> RECORDS
______
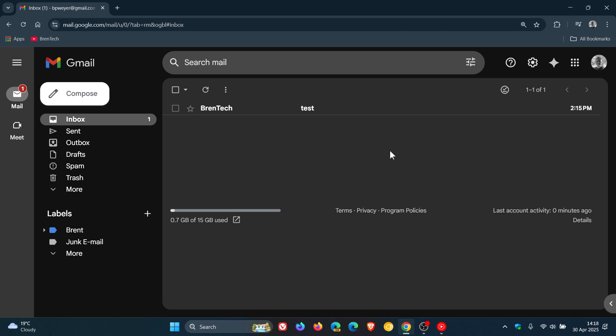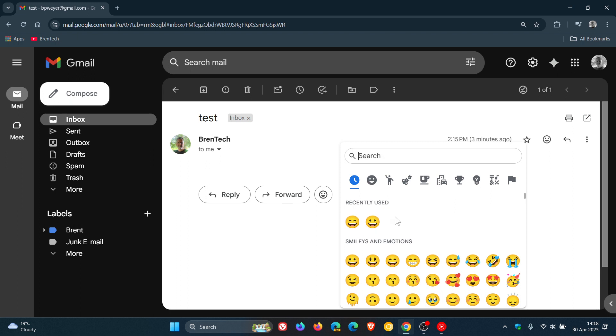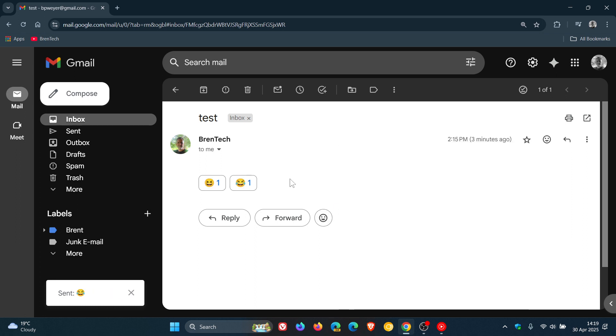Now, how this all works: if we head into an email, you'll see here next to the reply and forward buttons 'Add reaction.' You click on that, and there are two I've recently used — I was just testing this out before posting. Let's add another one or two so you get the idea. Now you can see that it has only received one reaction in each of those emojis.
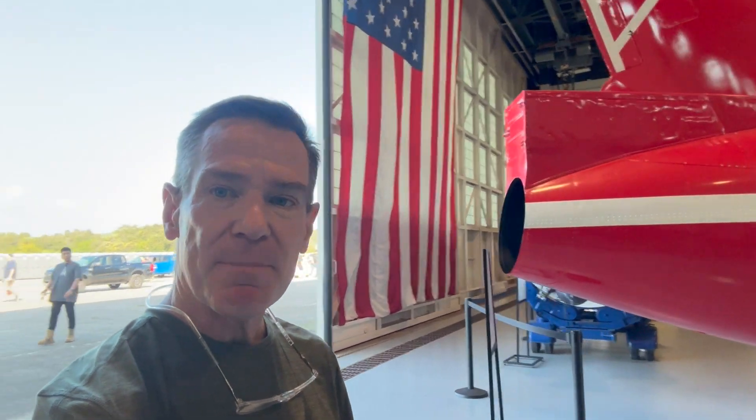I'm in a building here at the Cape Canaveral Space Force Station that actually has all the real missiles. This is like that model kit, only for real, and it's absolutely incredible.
______
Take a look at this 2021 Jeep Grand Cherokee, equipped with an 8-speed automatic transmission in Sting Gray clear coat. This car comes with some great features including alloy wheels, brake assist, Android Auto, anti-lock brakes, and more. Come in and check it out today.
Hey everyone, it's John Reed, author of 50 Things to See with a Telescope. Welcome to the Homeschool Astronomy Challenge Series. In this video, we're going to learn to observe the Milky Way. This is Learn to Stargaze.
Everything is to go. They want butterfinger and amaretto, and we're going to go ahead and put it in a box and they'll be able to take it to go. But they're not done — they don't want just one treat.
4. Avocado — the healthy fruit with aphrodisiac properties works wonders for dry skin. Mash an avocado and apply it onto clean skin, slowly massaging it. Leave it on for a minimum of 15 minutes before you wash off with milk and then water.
______
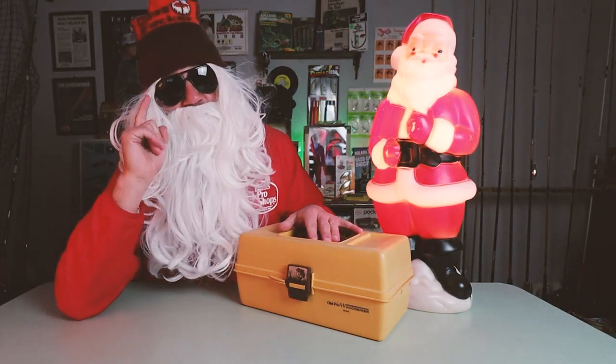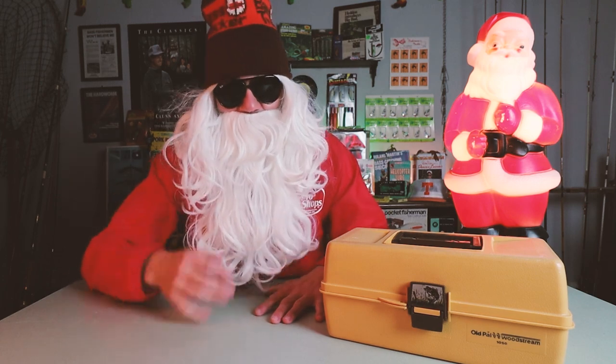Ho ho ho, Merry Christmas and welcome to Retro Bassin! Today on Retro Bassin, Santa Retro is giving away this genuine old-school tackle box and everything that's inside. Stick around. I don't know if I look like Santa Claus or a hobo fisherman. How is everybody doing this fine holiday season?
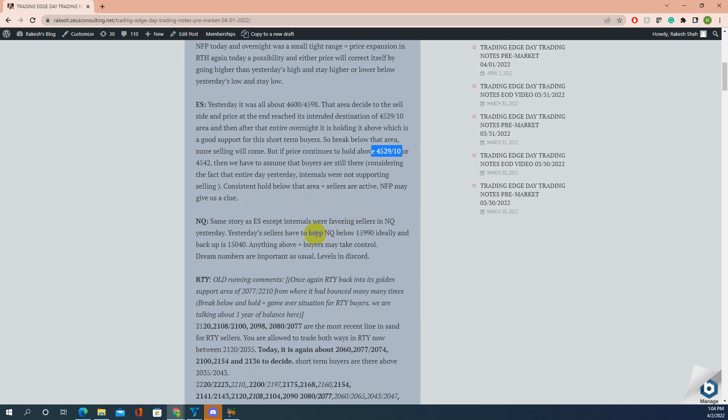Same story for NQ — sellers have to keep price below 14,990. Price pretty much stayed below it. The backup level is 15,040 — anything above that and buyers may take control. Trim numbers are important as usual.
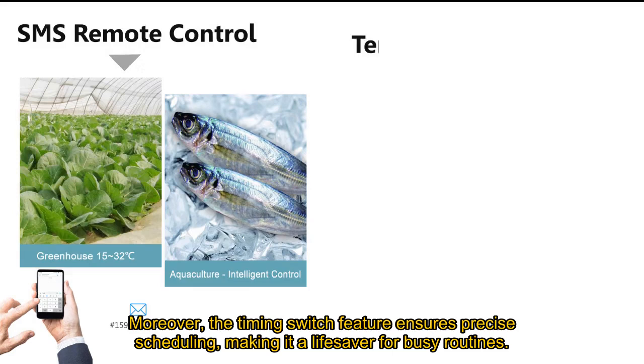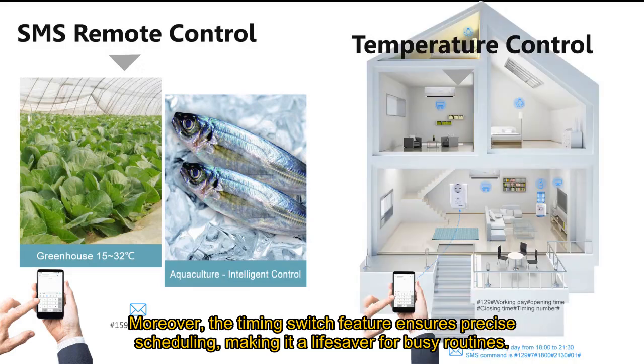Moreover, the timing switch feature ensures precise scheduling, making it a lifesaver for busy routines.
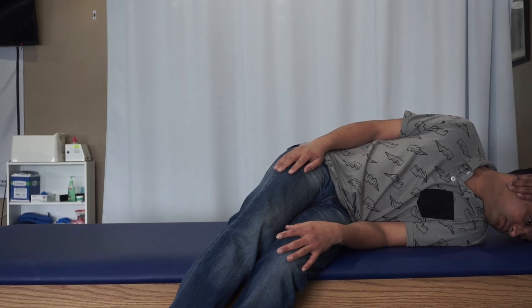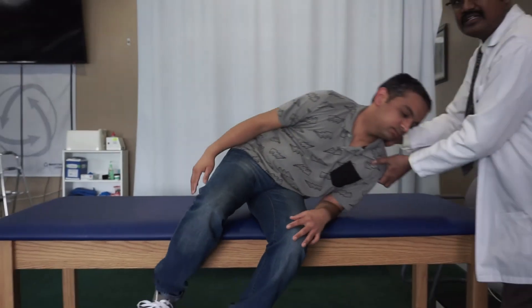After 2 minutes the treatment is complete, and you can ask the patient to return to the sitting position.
______
> ASSIGNED TASK
The answer must be the lines above from the one containing "Moreover, the timing" through the one containing "After 2 minutes", reproduced exactly, with no pictures and nothing else.

> EXERCISE OUTPUT
Moreover, the timing switch feature ensures precise scheduling, making it a lifesaver for busy routines.
After 2 minutes the treatment is complete, and you can ask the patient to return to the sitting position.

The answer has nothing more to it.